Tool kit would work for every language (all 7,000 of them)
- By Kevin McCaney
- Oct 13, 2015
U.S. forces arriving in foreign lands bring all kinds of communications equipment with them for sharing voice, video, imagery and other data. But that equipment allows them to talk to each other. In some circumstances, particularly in disaster relief and other emergency responses, effective operations also rely on talking to the locals. And that can be a problem.
Considering the global reach of the military and its willingness to respond to disasters, health crises and other incidents, it’s not uncommon that they arrive without the ability to speak the local language. Human translators aren’t always available, and computer translators don’t cover all of the world’s languages, especially those that are rare.
The Defense Advanced Research Projects Agency wants to get around the dilemma with a system that would find and interpret elements that rare languages—what it calls low-resource languages—have in common to offer a basic understanding. The Low Resource Languages for Emergent Incidents, or LORELEI, program isn’t looking to comprehensively translate those languages, DARPA said, but to “provide situational awareness by identifying and correlating elements of information in foreign-language and English sources.”
Comprehensive language translators are fine for common, widely spoken languages, but those programs can take years and millions of dollars to develop, an approach that isn’t practical for rare languages that are spoken by a relatively few number of people.
DARPA said there are more than 7,000 languages spoken around the world. The Linguistic Society of America, citing research done in 2009, put the number (at that time, anyway) at 6,909 distinct languages. It also noted how diverse some regions are. In Papua-New Guinea, for instance, an estimated 832 languages are spoken among a population of about 3.9 million people, so each language is spoken by an average of 4,500 people.
So DARPA isn’t looking to become fluent in all those languages but to be able to find enough common ground to let U.S. personnel coordinate with local organizations during humanitarian assistance, disaster relief, peacekeeping, infectious disease response and other missions.
The agency isn’t specifying which technologies are to go into LORELEI—automated speech recognition or machine translation, for instance, might or might nopt be part of the finished product.

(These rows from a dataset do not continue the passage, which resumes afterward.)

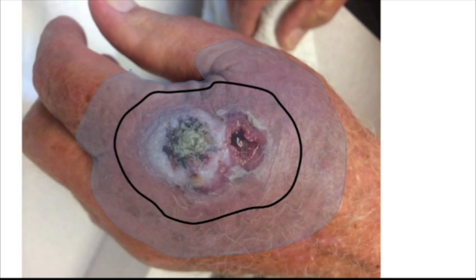We applied the skin graft, elevated the hand, covered it, and then applied a tie-over dressing.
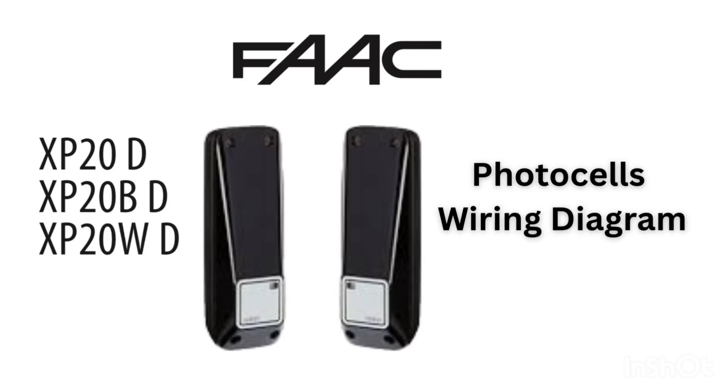Welcome back to Autodoor Surgeon. In this video, I will explain the wiring and differences between FARC photocell models XP20D, XP20WD, and XP20BD. These are important safety sensors used for automatic gates and doors.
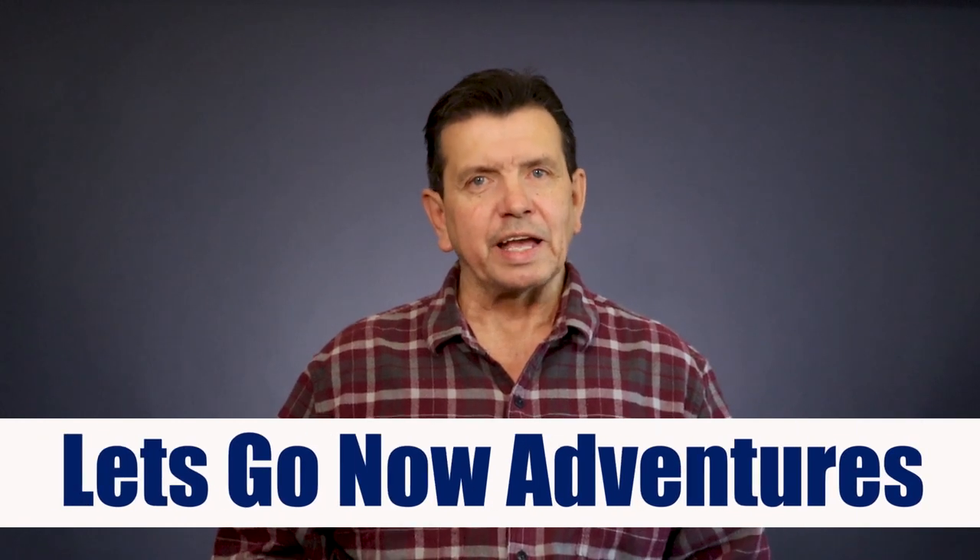I'm John with Let's Go Now Adventures. Whether you're into tent camping or RV camping, we create videos to help give you the skills and confidence to make your camping experience that much better. In this four-week course, you'll not only be learning many of the different variations of the trucker's hitch, but you'll also be learning the slip knot, the two-and-a-half hitch, the taut line hitch, the alpine butterfly, the full and half sheep shank, the inline figure eight, and how to slip any hitch. With the knots you'll learn in this course, you'll have the skills and knowledge to master most camping knot tying situations.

The idea is to be able to correlate information in low-resource foreign languages and English.
“Through LORELEI, we envision a system that could quickly pick out key information—things such as names, events, sentiment and relationships—from public news and social media sources in any language, based on the system’s understanding of other languages,” said Boyan Onyshkevych, DARPA program manager. “The goal is to provide immediate, evolving situational awareness that helps decision makers assess and respond as intelligently as possible to dynamic, difficult situations.”
The research agency has awarded Phase 1 contracts to 13 organizations:
- Carnegie Mellon University
- Columbia University
- Johns Hopkins University
- Next Century Corporation
- Raytheon BBN
- University of Illinois Urbana-Champaign
- University of Massachusetts
- University of Pennsylvania
- University of Pennsylvania Linguistic Data Consortium
- University of Texas El Paso
- University of Washington
- University Southern California Information Sciences Institute.
Phase 1 will focus on three principal areas:
Algorithm Research and Development Environment, which aims to reduce the reliance on large language libraries and instead focus on what languages have in common.
Run-time Framework Development, a prototype tool to combine open-source data feeds in English and other languages.
Linguistic Resource Creation, which would combine resources ranging from dictionaries to emergency response terminology in support of the first two technical areas.
DARPA is hoping that LORELEI will be able to present useful response information in an easy-to-use interface within 24 hours of an incident and deliver fully automated language capabilities within days or weeks.
Kevin McCaney is a former editor of Defense Systems and GCN.